Note: Make sure to run on a lab machine (preferably hive as some of the orchard machine's gcc are broken)! It is important here that we use the '-O3' flag to turn on compiler optimizations.

The makefile will run matrixMultiply() twice and report the function's performance in floating-point operations per second (flops).

1. It will report the performance of the same matrix multiplication on matrices of varying sizes.
2. It will report the performance of a matrix multiplication of fixed size for changing the loop orderings.

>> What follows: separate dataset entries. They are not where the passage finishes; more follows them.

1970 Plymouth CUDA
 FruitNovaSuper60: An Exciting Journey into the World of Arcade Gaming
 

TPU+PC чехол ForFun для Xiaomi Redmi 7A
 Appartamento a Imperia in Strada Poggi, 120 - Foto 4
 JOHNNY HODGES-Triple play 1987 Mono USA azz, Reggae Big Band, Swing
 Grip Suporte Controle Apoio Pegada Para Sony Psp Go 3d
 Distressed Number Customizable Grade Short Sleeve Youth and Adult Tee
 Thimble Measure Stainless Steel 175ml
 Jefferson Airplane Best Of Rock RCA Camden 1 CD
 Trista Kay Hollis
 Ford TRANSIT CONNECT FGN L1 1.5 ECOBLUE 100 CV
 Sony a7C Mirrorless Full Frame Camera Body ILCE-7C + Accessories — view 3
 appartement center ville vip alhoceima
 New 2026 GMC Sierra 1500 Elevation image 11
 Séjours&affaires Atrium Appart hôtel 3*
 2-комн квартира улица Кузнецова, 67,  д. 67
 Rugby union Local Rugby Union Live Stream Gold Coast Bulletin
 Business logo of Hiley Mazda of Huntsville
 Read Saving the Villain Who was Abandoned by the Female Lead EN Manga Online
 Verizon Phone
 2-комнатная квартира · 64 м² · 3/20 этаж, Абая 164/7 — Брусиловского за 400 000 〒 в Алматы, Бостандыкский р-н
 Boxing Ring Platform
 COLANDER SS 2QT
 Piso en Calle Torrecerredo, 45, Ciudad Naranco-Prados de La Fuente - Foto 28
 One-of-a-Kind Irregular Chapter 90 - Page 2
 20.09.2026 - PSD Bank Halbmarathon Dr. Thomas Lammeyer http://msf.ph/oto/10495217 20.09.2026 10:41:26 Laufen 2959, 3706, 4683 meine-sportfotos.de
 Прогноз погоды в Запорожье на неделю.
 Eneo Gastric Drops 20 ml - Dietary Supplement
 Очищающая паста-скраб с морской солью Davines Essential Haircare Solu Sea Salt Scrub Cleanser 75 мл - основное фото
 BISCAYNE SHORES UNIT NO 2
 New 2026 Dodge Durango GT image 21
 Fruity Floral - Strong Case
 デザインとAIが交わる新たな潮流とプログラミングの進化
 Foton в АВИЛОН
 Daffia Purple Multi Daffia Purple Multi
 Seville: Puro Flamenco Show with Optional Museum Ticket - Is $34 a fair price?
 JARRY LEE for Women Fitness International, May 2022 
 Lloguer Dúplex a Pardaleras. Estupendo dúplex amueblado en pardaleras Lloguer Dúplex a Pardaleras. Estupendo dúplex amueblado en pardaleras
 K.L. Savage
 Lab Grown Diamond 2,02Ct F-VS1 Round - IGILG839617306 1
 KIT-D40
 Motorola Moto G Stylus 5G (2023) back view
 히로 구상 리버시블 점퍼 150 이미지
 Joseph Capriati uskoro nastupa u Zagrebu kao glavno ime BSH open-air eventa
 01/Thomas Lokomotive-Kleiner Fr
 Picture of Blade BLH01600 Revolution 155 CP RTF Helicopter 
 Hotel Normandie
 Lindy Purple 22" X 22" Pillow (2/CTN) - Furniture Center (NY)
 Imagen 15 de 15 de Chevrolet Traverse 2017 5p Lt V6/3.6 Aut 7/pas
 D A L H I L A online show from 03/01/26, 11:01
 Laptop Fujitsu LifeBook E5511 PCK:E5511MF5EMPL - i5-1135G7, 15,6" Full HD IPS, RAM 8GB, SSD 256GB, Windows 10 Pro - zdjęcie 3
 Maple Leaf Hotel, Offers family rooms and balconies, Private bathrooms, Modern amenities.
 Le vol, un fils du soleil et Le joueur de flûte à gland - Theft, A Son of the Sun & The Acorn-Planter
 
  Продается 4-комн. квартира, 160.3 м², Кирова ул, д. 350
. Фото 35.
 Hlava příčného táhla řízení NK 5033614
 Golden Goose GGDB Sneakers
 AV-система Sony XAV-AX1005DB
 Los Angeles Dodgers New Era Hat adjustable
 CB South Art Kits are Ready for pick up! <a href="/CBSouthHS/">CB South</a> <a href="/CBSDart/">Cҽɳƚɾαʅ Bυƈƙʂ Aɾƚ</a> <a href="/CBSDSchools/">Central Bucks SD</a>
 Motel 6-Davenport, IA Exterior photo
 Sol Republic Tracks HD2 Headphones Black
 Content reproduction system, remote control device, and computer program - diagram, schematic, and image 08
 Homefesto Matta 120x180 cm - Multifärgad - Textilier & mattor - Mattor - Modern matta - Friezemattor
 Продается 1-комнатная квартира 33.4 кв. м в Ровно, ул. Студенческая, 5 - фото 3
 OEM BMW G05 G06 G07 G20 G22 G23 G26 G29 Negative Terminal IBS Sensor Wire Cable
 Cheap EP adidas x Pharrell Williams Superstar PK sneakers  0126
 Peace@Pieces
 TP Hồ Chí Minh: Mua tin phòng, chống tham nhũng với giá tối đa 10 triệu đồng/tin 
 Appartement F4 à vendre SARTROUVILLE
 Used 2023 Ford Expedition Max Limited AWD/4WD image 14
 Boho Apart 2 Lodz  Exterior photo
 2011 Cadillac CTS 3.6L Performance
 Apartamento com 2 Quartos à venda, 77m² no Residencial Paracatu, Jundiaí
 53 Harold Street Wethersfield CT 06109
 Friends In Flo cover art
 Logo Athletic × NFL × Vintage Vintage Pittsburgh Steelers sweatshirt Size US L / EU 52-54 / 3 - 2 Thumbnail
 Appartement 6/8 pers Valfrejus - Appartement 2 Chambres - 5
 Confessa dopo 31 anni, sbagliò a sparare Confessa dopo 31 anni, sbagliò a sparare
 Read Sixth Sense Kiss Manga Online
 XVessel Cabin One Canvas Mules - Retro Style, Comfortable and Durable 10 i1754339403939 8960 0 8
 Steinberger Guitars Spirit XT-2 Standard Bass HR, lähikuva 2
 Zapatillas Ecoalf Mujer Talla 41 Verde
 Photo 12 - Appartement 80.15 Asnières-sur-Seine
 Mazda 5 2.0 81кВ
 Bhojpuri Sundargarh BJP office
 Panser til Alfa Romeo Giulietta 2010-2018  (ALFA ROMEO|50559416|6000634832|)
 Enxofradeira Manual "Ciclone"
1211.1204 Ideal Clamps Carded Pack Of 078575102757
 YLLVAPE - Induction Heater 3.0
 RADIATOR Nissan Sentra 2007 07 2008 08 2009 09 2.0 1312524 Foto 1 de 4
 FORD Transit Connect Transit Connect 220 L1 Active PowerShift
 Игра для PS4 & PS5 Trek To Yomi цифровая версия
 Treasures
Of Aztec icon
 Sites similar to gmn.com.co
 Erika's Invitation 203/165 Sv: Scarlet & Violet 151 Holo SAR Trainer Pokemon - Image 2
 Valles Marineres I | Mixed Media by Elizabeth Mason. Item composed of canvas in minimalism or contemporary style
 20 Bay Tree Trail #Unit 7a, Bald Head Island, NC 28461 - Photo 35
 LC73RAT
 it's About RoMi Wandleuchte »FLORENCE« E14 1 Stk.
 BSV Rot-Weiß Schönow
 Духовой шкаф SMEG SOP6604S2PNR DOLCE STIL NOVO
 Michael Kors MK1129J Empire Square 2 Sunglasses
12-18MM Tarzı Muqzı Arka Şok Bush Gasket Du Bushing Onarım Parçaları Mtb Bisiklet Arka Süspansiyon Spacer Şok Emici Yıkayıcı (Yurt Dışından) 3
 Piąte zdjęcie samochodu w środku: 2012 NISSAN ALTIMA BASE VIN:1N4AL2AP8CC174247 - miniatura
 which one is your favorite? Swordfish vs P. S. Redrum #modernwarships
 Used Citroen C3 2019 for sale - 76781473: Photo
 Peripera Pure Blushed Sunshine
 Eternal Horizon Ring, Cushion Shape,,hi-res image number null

Copy the results somewhere so that you do not have to run this program again and use them to help you answer the following questions. Please note that flops reports the amount of calculations done per unit time, so it already accounts for the difference in total execution time (i.e. algorithm scaling is not a valid answer to the questions below).

1. Think about the naive matrix multiplication algorithm. Is it relatively good or bad in terms of locality? Why?
2. Why does performance drop for large values of n? (Hint: what gets loaded on a cache miss? How long does that data stay there?)
3. Which of the 6 different loop orderings perform best for 1000-by-1000 matrices? Which ordering(s) perform the worst?
4. How does the way we stride through the matrices with respect to the innermost loop affect performance?

#### Check-off

• Be prepared to EXPLAIN your responses to the above questions to your TA.

### Exercise 2: Matrix transposition

Compile and run the naive matrix transposition implemented in transpose.c by running:

```\$ make ex2
```

Note: Make sure to run on a lab machine (Hive or Orchard)! It is important here that we use the '-O3' flag to turn on compiler optimizations.

1. Note the time required to perform the naive transposition for a matrix of size 2000-by-2000.
2. Modify the function transpose() in transpose.c to implement a single level of cache blocking. That is, loop over all matrix blocks and transpose each into the destination matrix. Make sure to handle "fringe" cases of the transposition: What if we tried to transpose the 5-by-5 matrix above with a blocksize of 2? (Hint: this can be done by just adding new for-loops and modifying the existing ones a little.)
3. Try block sizes of 2-by-2, 100-by-100, 200-by-200, 400-by-400, 600-by-600, and 1000-by-1000. Which performs best on the 2000-by-2000 matrix? Which performs worst?
4. For a particular matrix size and cache parameters, there will exist an "optimal" block size for this algorithm. What is this optimal block matrix size in terms of the cache parameters (associativity, block size, cache size)? (Hint: how much memory do we need to "touch" in order to transpose a block matrix?)